## Provided entries

----------

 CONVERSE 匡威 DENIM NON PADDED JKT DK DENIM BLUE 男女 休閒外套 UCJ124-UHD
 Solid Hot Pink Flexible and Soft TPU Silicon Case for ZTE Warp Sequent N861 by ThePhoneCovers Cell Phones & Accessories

----------

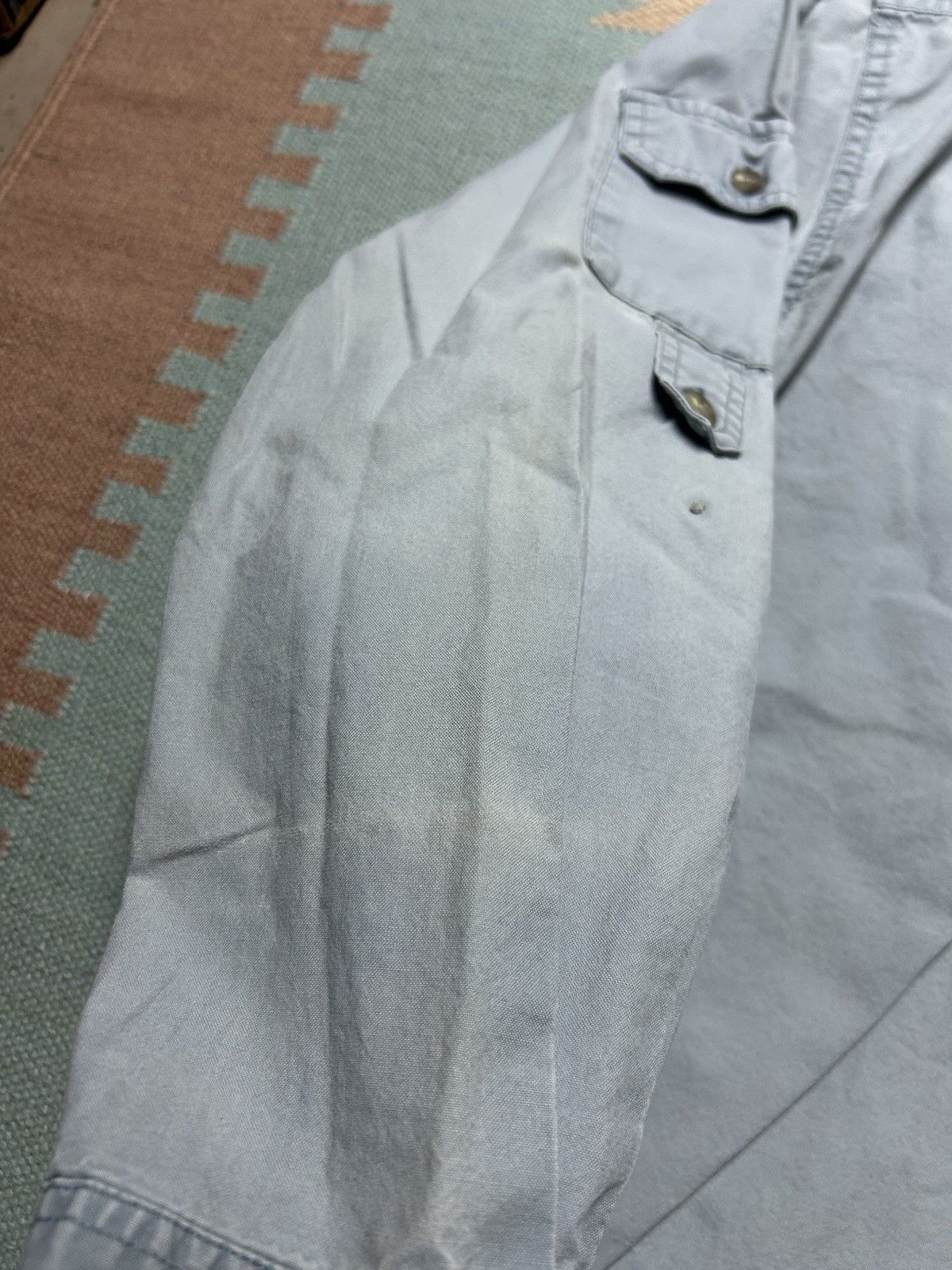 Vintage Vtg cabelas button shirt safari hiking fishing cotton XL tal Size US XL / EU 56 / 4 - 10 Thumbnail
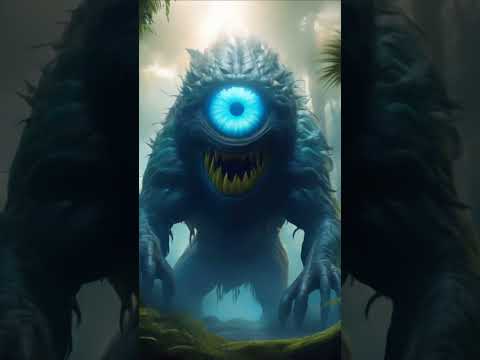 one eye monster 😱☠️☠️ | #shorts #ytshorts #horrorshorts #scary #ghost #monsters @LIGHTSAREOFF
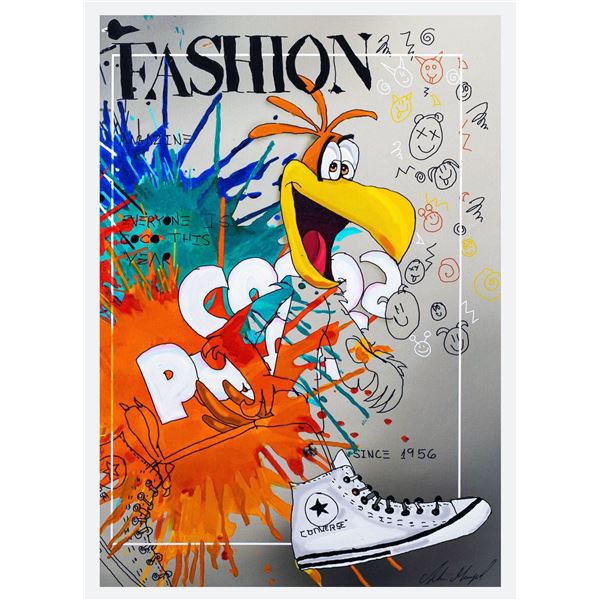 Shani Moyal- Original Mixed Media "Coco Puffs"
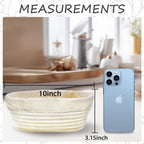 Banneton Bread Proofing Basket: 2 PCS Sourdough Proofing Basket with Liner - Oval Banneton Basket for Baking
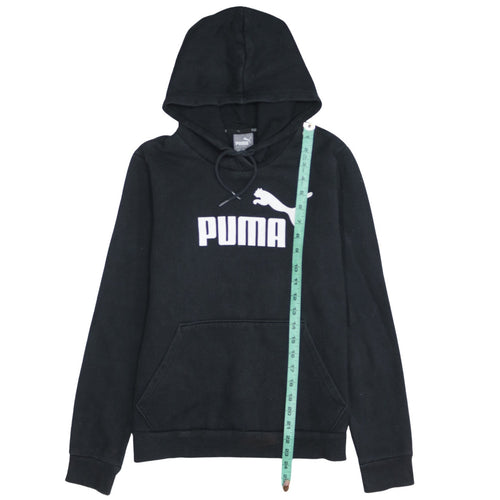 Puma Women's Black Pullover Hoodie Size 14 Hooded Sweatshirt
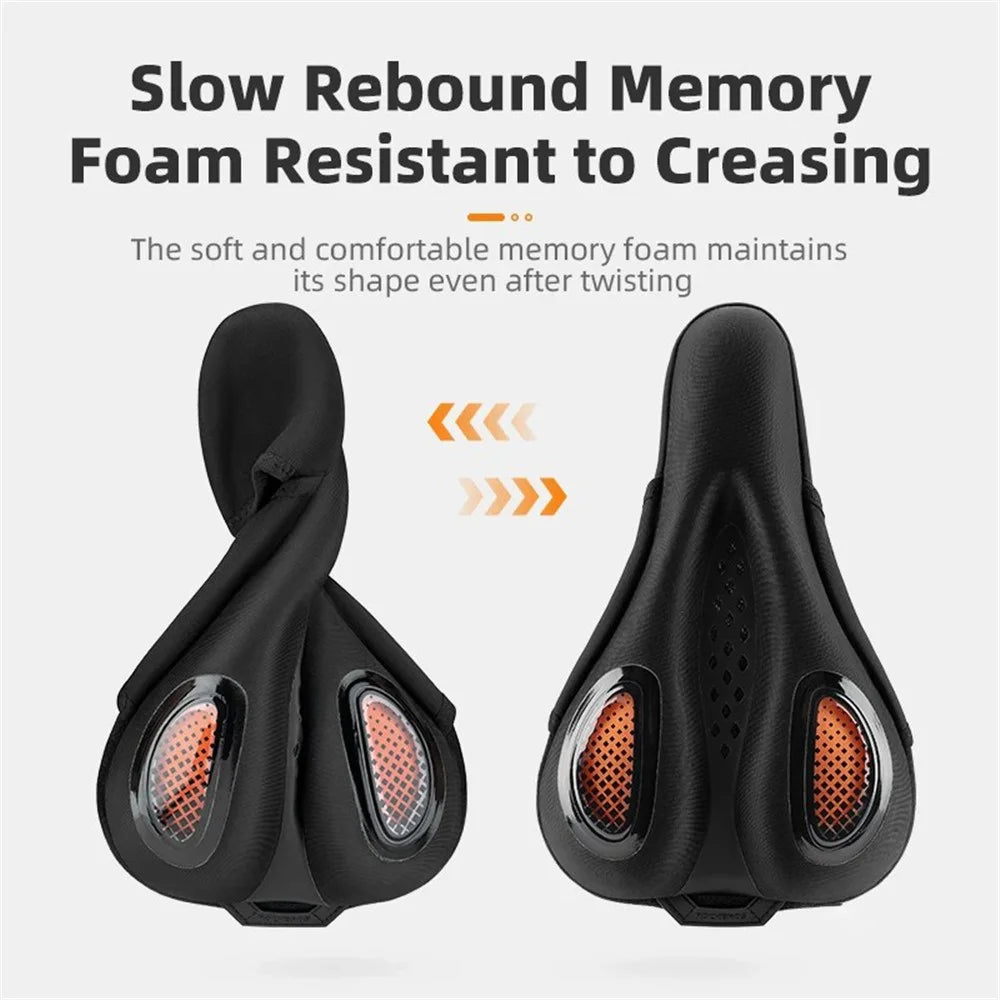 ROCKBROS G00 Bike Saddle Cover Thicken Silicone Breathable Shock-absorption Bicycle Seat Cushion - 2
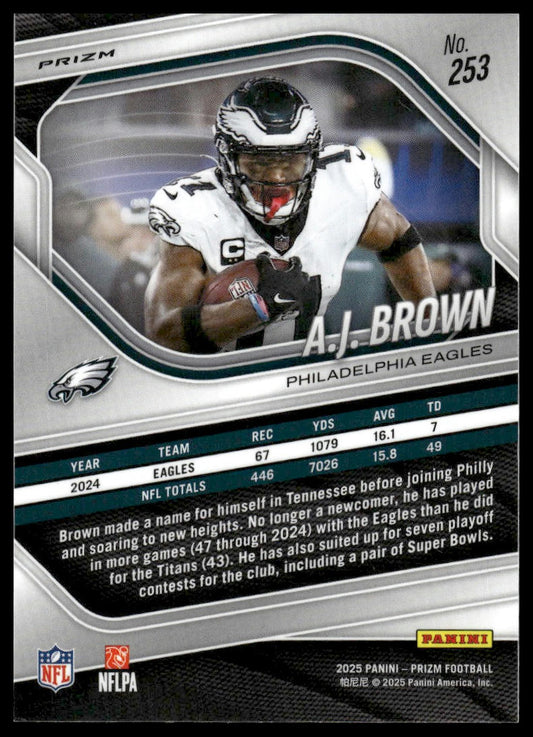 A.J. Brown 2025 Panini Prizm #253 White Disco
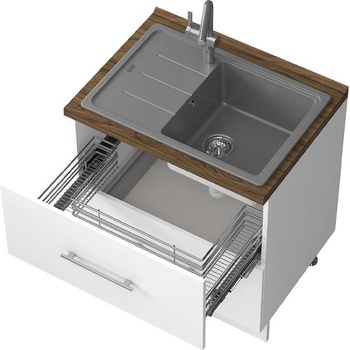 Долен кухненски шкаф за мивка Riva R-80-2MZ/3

----------

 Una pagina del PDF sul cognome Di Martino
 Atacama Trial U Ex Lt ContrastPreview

----------

From the records above, write out exactly the lines that begin at the line with "A.J. Brown 2025" and end at the line with "Долен кухненски шкаф". Pictures must not appear in the output.

## Finished exercise
 A.J. Brown 2025 Panini Prizm #253 White Disco
 Долен кухненски шкаф за мивка Riva R-80-2MZ/3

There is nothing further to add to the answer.